Maintaining and increasing range of motion of the hips, ankles, knees, shoulders and back is important throughout a long and intense season. Mobility work allows you to utilise ranges of motion that may be very frequently used throughout training and games, as well as those that an athlete may very rarely be exposed to.
Fatigued muscles or muscle groups will commonly adopt a shortened position in the 48-72 hours post intense training or a match, this is as a result of the high demand placed on the muscle during activity. This will typically present as the tightness and achiness described by the athlete.
To aid in muscle recovery it can be beneficial to again gradually expose the muscle to its lengthened position. This gentle increase in muscle length will aid in recovery, increase blood flow to the muscle and aid with feelings of readiness for the next training session or match.
While rest is best after a tough training session or match, often it is active rest that will help the body to get ready again for the next session. For this reason mobility work is ideally suited to take the mantle of active recovery session.
It should go without saying that sleep is important for every living being. But throwing in an ambitious schedule of training/games and good regular sleep becomes crucial.
When you sleep, your body is in repair mode. A good night’s sleep plays its part in:
- increasing energy
- repairing and building muscle
- metabolising fat
- regulating hormones
- boosting immunity
- recovering from injuries
- removing waste products
How much sleep should you get? Everybody is different, but around 7 to 9 hours a night is generally agreed to be enough for most people. Anyone who has had a bad night’s sleep will know the effects it has on the following day. You feel lethargic and any desire to train hard or eat healthily usually goes out the window.
More concerningly, some studies have shown that having less than around 7 hours of sleep can negatively affect your performance – particularly your ability to focus, while also increasing inflammation in the body. As you may know, inflammation is rarely a good thing in the human body. Long story short, get more sleep.
It is best to think of sleeping as a skill. If you only sleep around 5 hours a night, it’s unlikely you will get those desired 8 hours just by chance – you have to work at it.
A good sleep routine underpins everything else. If you go to sleep at random times or always too late/too early, then your sleeping patterns will rightly feel a bit random. Instead, start to schedule your sleep into your day to ensure your body clock is ticking as it should. For example, you may want to plan to be in bed and ready to sleep at 11pm, then set an alarm for 7am. If you stick to set times every night, your body will adjust and begin to know when it’s time for bed and time to rise.

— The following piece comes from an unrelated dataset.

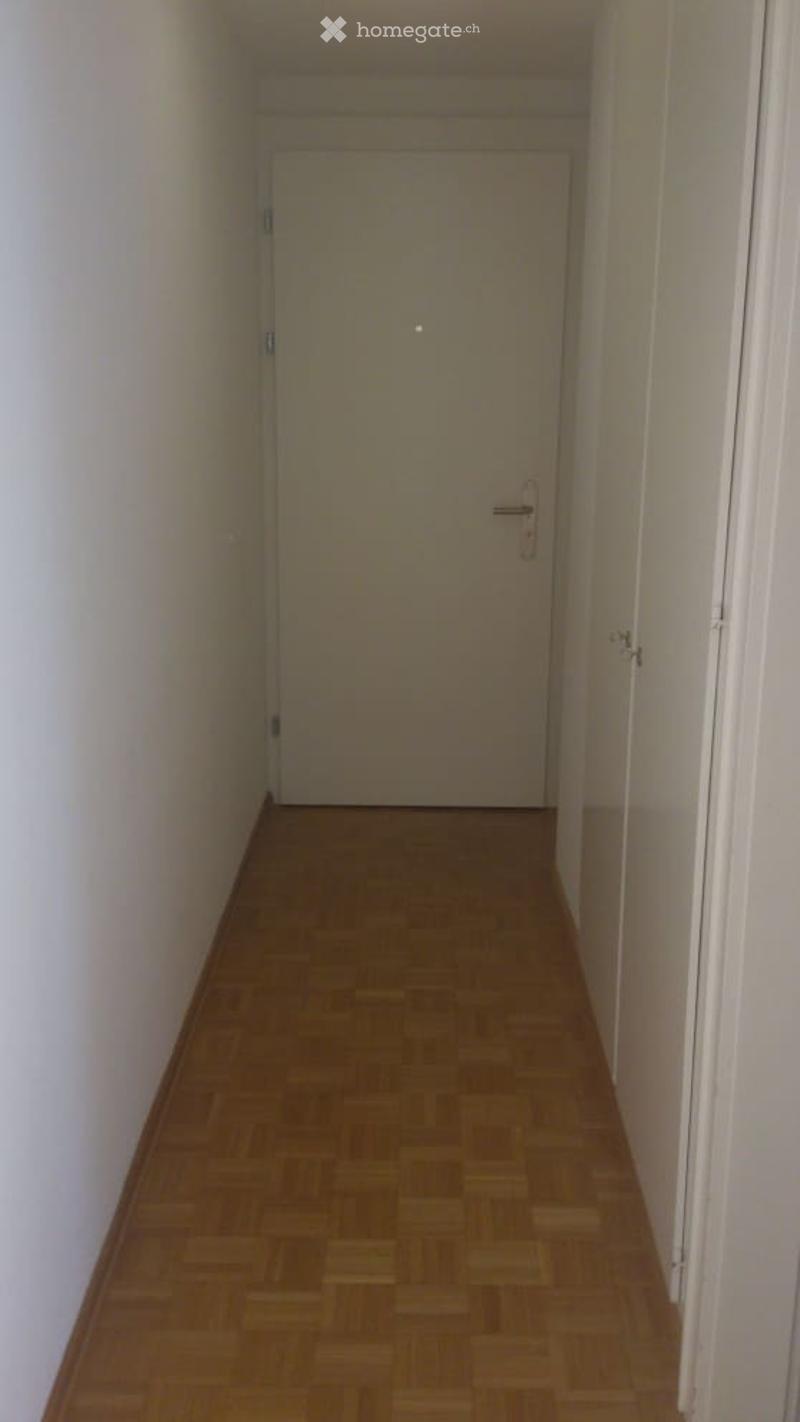 Empty hallway with wooden floor, white walls, white doors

Your bedroom has to be conducive to good sleep. If possible, invest in a quality mattress and comfortable bedding that makes you feel supported and relaxed. Ensure your bedroom is quiet, dark and cool. Leave your phone or tablet outside your bedroom to avoid distractions, and aim to watch TV in another room if possible. It is best to keep your bedroom for sleeping, not late-night scrolling or flicking between the channels.
Easier said than done perhaps, but you should aim to put stress aside before bed to avoid a night of tossing and turning. Stop working, looking at emails and checking social media at least one hour before bed, and avoid stressful situations in the evening if possible.
The same goes for physical stress. Exercise in the day can help you feel ready for sleep come night time, but aim to do it at least three hours before bed. Also consider taking a warm bath or shower before bed to help your muscles relax.